Aparentemente, Jeová fechou os olhos à iniquidade/patifaria adúltera do seu mui amado filho, mas o povo não…Vá lá, até foi uma sorte não terem morto Bath-seba à pedrada … Não fosse ela protegida do Rei…
Sempre que foi rasteirado pelas vicissitudes da vida, David deixava-se dominar pelos remorsos e pensava que estava a ser vítima de castigos divinos, chegando até carpir as suas mágoas para a posteridade nos Salmos.
O seu arrependimento não bastou ao Senhor que resolveu castigar David canalizando a sua vingança através do sofrimento de inocentes (como, aliás, é apanágio de Jeová). Assim, o filho do Rei dos judeus enfermou, acabando por perecer ainda criança. A “justiça divina” mal tinha mostrado a sua face tenebrosa no palácio real…
Pouco depois, o filho mais velho de David consome-se de desejo sexual pela sua irmã, perpetrando uma violação incestuosa.

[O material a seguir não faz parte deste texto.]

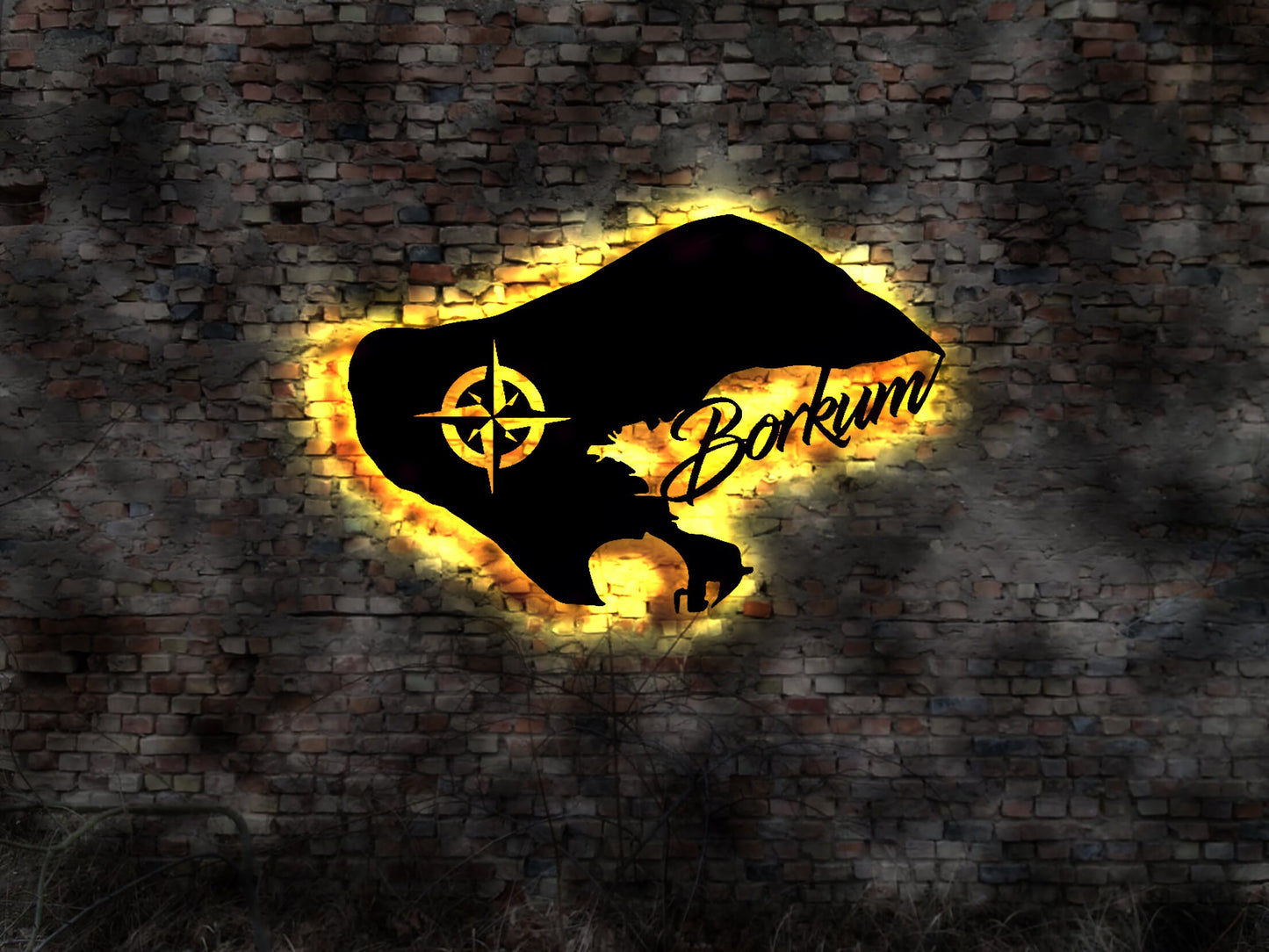 Skyline Borkum  Wattenmeer  LED Wandbild Insel  Holz Stadt AK Karte  Stadtplan Wandsticker Leuchtbild  Wandtattoo Reiseführer Silhouette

Tendo provado do fruto proibido, despreza a irmã caída em desgraça ( poucas esperanças poderia ela acalentar de que a quisesse esposar outro homem , muito menos um do seu estatuto social). Esta encontrou algum consolo sob a protecção de outro irmão que ficou furioso com o sucedido. Esse azedume cresceu até que a desavença familiar culminou numa guerra civil que opôs os dois príncipes irmãos.
Absalão, outro filho do Rei, torna-se demasiado impaciente por herdar o trono do pai e assume a liderança numa revolta que pretende usurpar o poder régio. Foi morto em combate.

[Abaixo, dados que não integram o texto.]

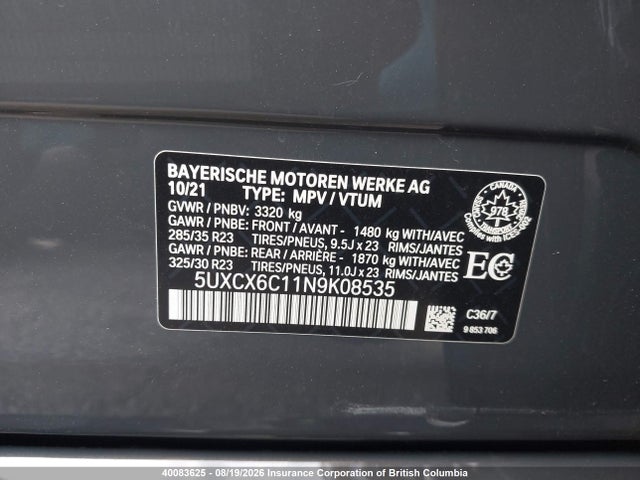5UXCX6C11N9K08535 BMW Alpina Xb7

No seu leito de morte, David dá instruções a Salomão de como conservar o trono de Israel/Judá, começando pela célere, metódica e inclemente eliminação dos inimigos internos (os mesmos que tinham ouvido de David a promessa de que ele não atentaria contra as suas vidas…). Antes de ser coroado, já Salomão tinha providenciado a morte de todos os potenciais rivais incluídos a lista fornecida pelo seu pai.

Existe uma prova arqueológica da existência de David. Trata-se de uma inscrição (numa fragmentada peça de basalto negro encontrada, no ano de 1993, em Tel-Dan, a norte de Israel) que fala de um Rei de Damasco que derrotou outro Rei da «Casa de David» (um termo dinástico), não acrescentando mais predicados. Essa peça foi datada como pertencente ao séc. IX a.C. .

David é retratado com um pastor que recebeu a graça de ser ungido por deus (ou seja, tornou-se Messias; o corifeu de um plano divino). Os soberanos seus descendentes herdaram o título de Messias abençoados por Jeová. Essa conveniência só foi quebrada com a morte de Josias (derrotado pelo exército egípcio no séc. VII a.C.). A sobrenatural aura de legitimidade que sustentava a propaganda do poder régio perdeu muita da sua credibilidade popular. Foi necessário conceber outro mito mais duradouro e esperançador. Deixaram de ser a geração esperada para esperarem por um Rei-Messias com uma árvore genealógica pura e enraizada na Casa de David, que os livraria da tirania dos estrangeiros opressores, conduzindo-os a uma “Era dourada”. Jesus Cristo foi um dos candidatos a esse título.